Exercise aim – Excluding pictures, give the entries again exactly as they appear.

****************

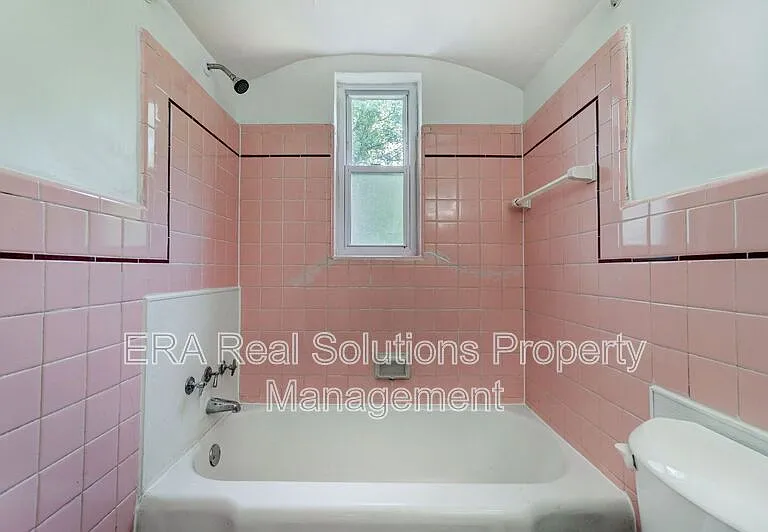 2137 Weron Ln #1 — Photo 33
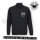 MC Snow White Unisex Stehkragen Jacke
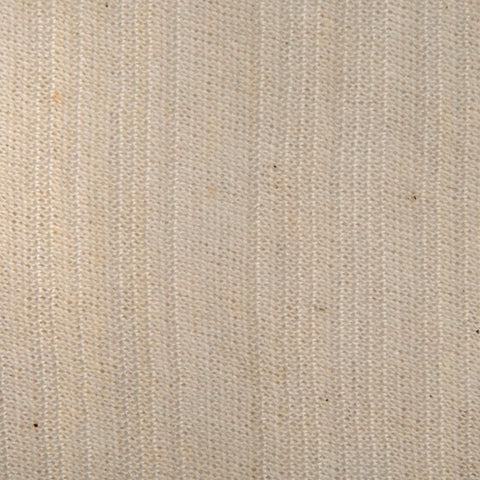 Fabric Up Close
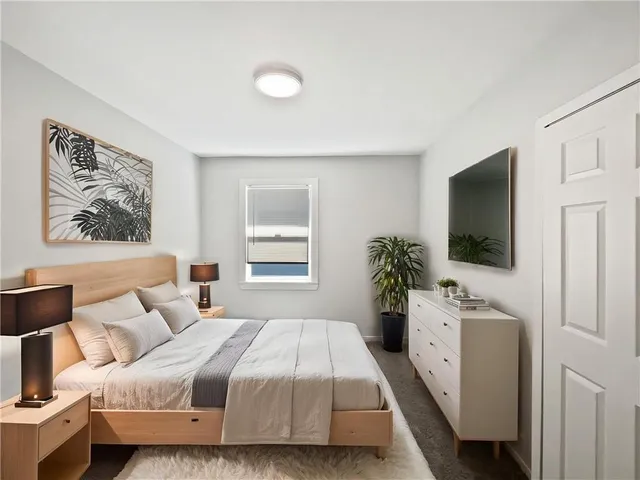 $211,000 | 8701 East 109 Terrace, Kansas City, MO 64134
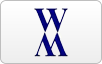 Wavecrest Management logo, bill payment,online banking login,routing number,forgot password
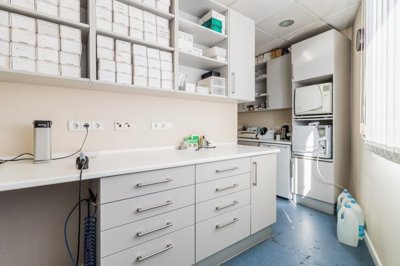 spcrm2995-3xigs1kjhhjmxfwt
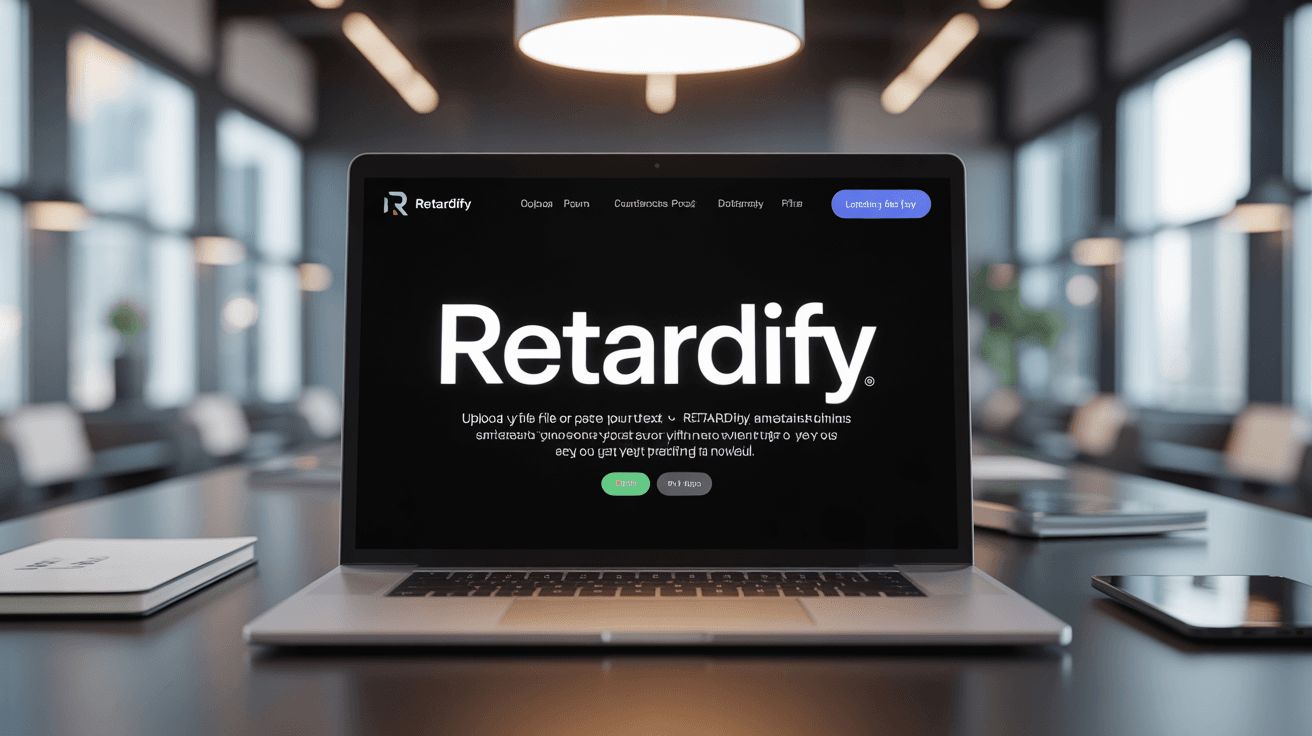 Summarize Documents Online in Seconds — Get Key Insights Instantly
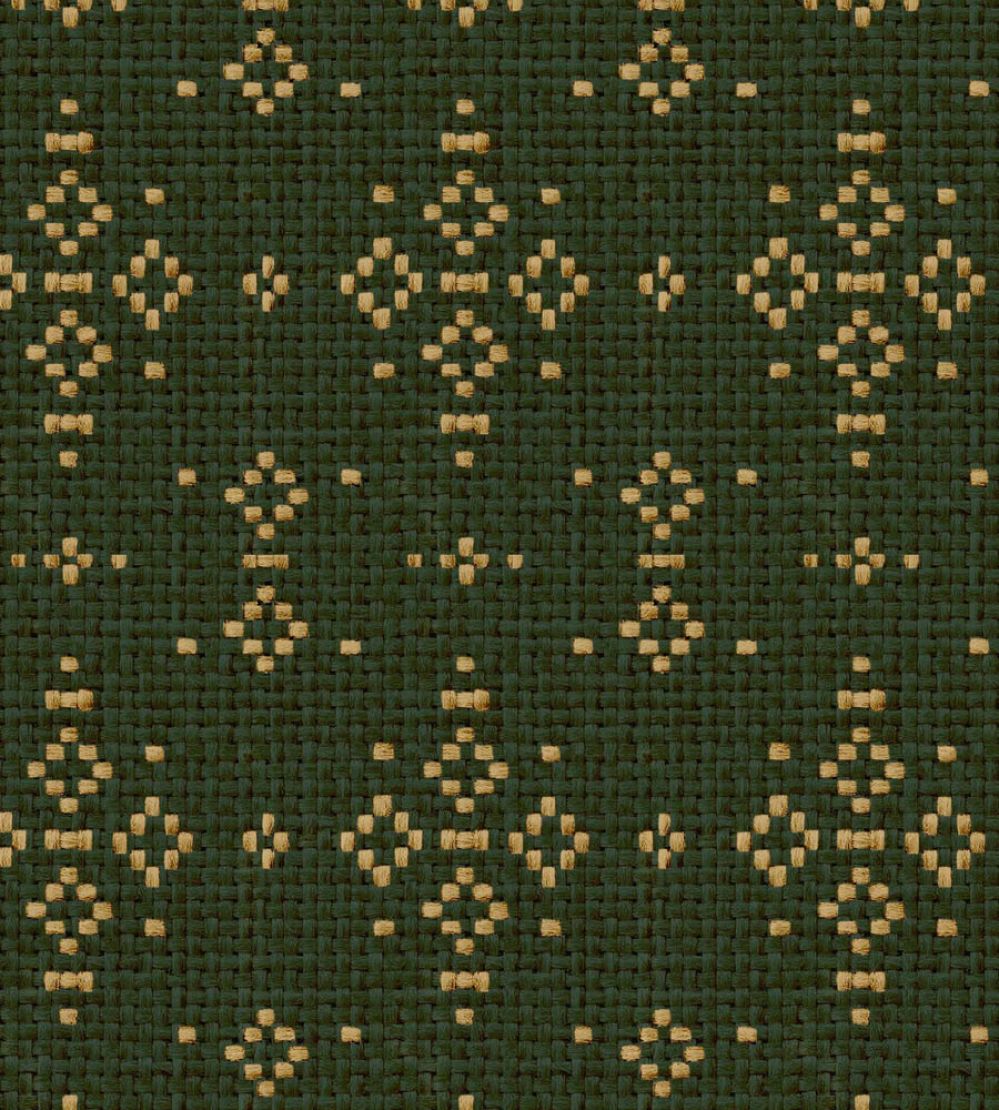 Mazahua Wallpaper by Coordonne Cactus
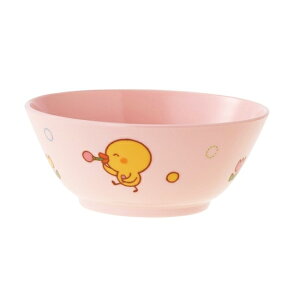 ~HЂ悱ݏ`osNgJ6B `o H LbY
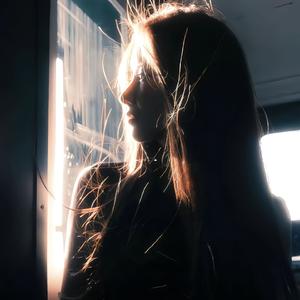 零距离的思念（DJ版）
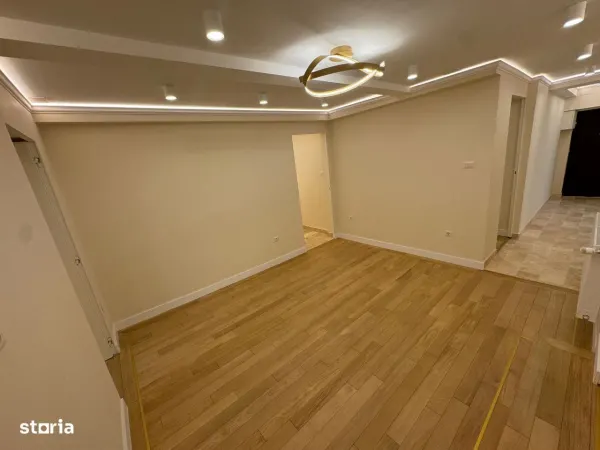 Apartament București - poza 8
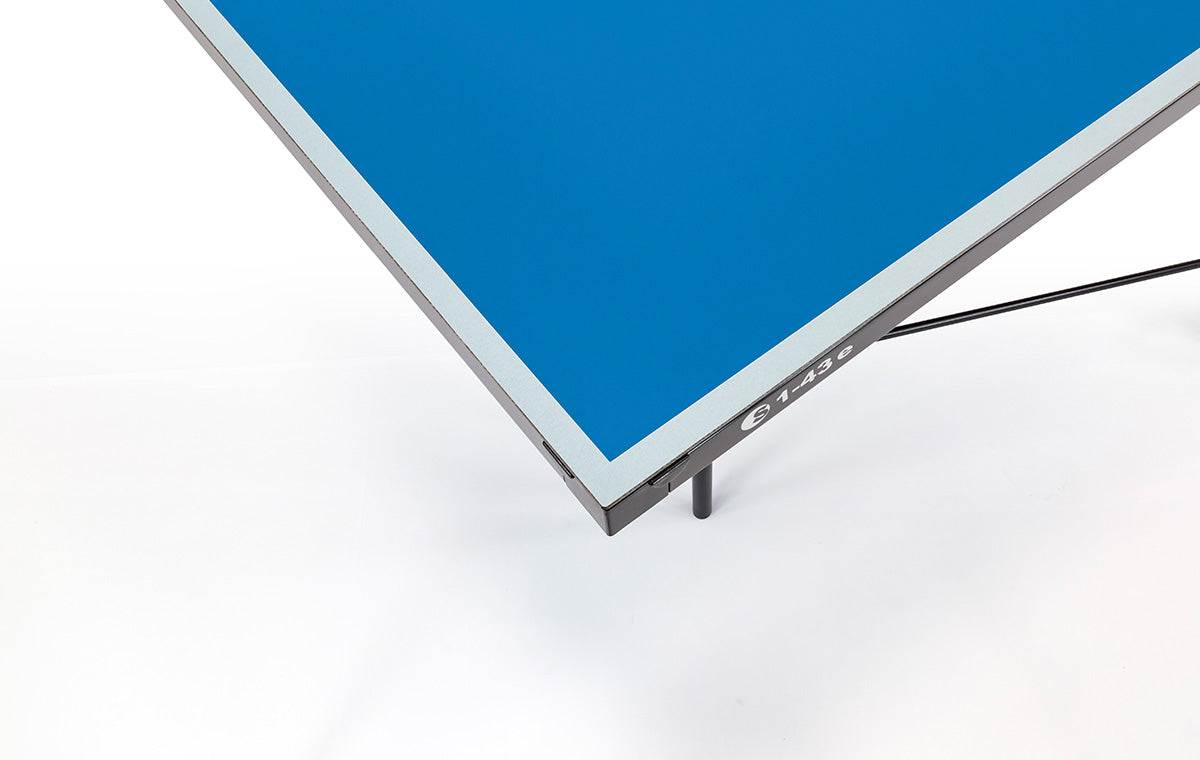 Mesa de Exterior S 1-43 e
-Envío Incluido
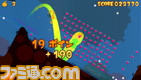 1その7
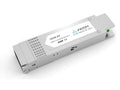 Axiom 10334-AX 40GBASE-LM4 QSFP+ for Extreme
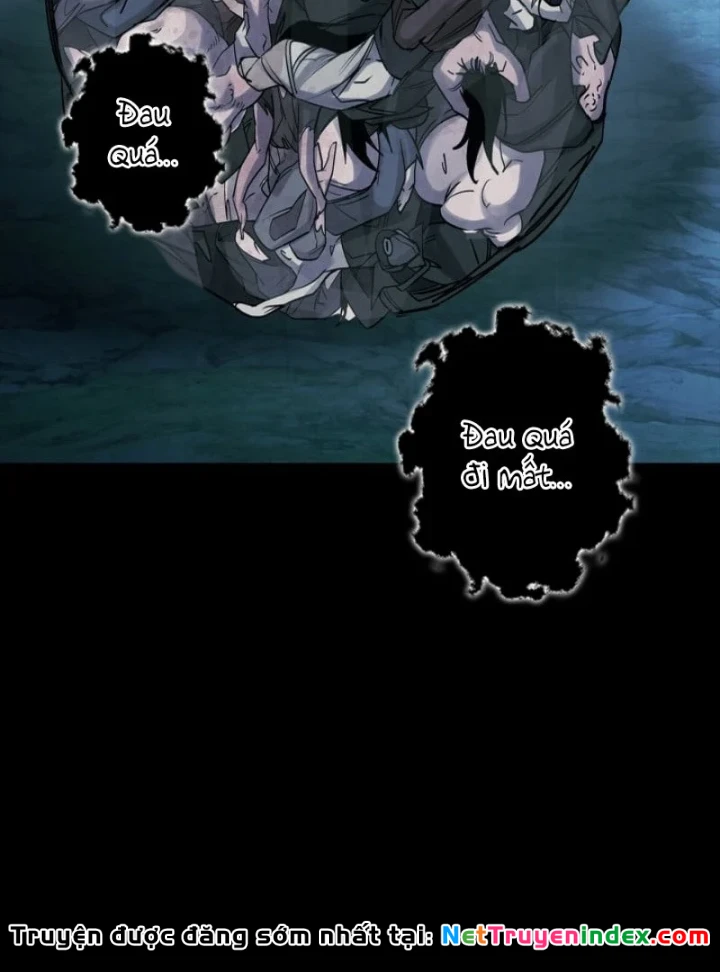 Công tố viên ác quỷ Chapter 6 - 62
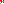 Destellos dst-1190578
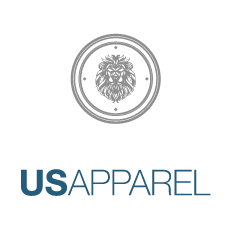 US APPAREL AND TEXTILES PVT LTD LAHORE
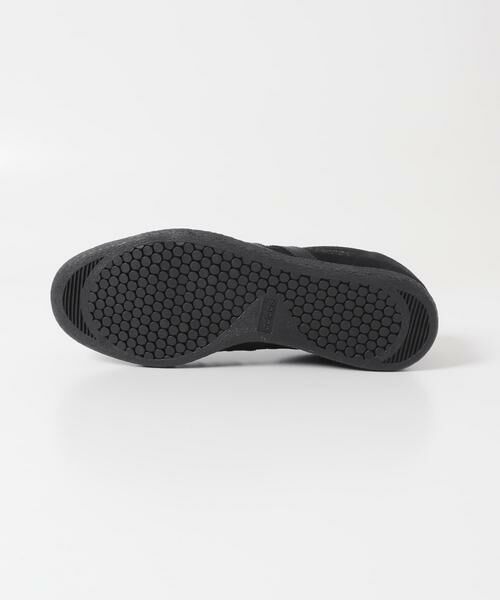 URBAN RESEARCH DOORS / アーバンリサーチ ドアーズ スニーカー | adidas　STADT | 詳細8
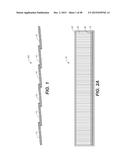 SHINGLED SOLAR CELL MODULE diagram and image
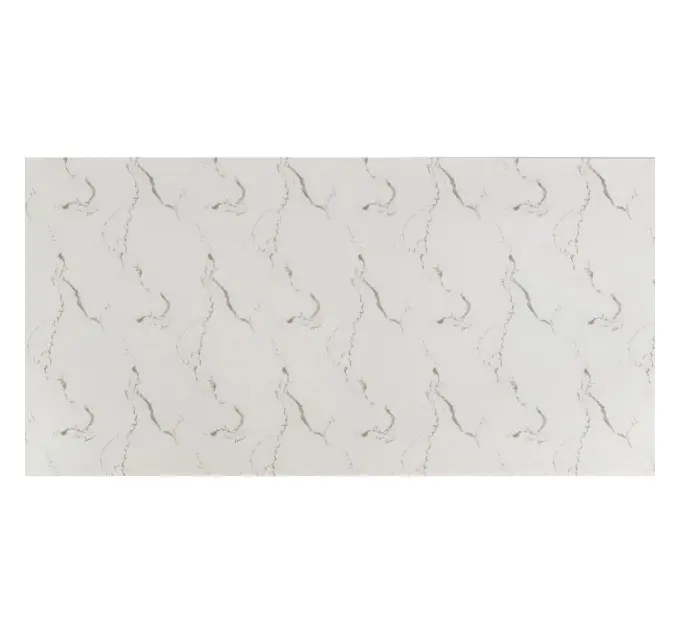 Самоклеюча стінова PET плитка 600*300*2mm (2323)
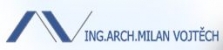 Architekt
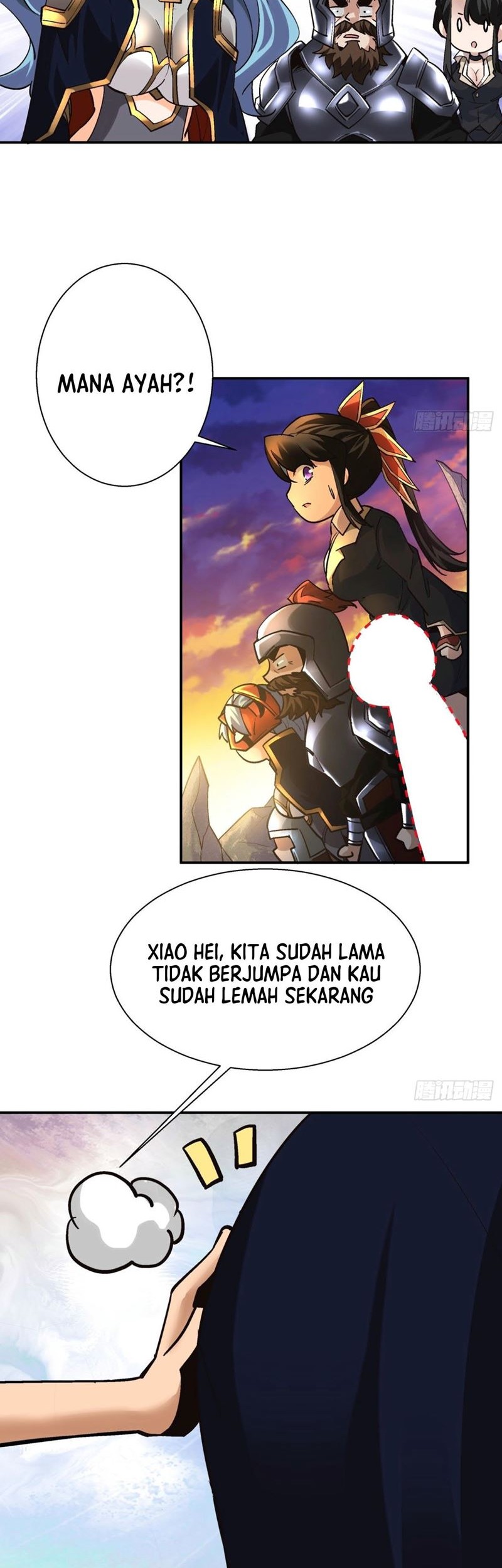 Halaman 5
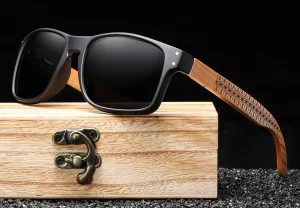 Olcsó napszemüveg az Aliexpressről, rengeteg értékeléssel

****************

Exercise response –
 2137 Weron Ln #1 — Photo 33
 MC Snow White Unisex Stehkragen Jacke
 Fabric Up Close
 $211,000 | 8701 East 109 Terrace, Kansas City, MO 64134
 Wavecrest Management logo, bill payment,online banking login,routing number,forgot password
 spcrm2995-3xigs1kjhhjmxfwt
 Summarize Documents Online in Seconds — Get Key Insights Instantly
 Mazahua Wallpaper by Coordonne Cactus
 ~HЂ悱ݏ`osNgJ6B `o H LbY
 零距离的思念（DJ版）
 Apartament București - poza 8
 Mesa de Exterior S 1-43 e
-Envío Incluido
 1その7
 Axiom 10334-AX 40GBASE-LM4 QSFP+ for Extreme
 Công tố viên ác quỷ Chapter 6 - 62
 Destellos dst-1190578
 US APPAREL AND TEXTILES PVT LTD LAHORE
 URBAN RESEARCH DOORS / アーバンリサーチ ドアーズ スニーカー | adidas　STADT | 詳細8
 SHINGLED SOLAR CELL MODULE diagram and image
 Самоклеюча стінова PET плитка 600*300*2mm (2323)
 Architekt
 Halaman 5
 Olcsó napszemüveg az Aliexpressről, rengeteg értékeléssel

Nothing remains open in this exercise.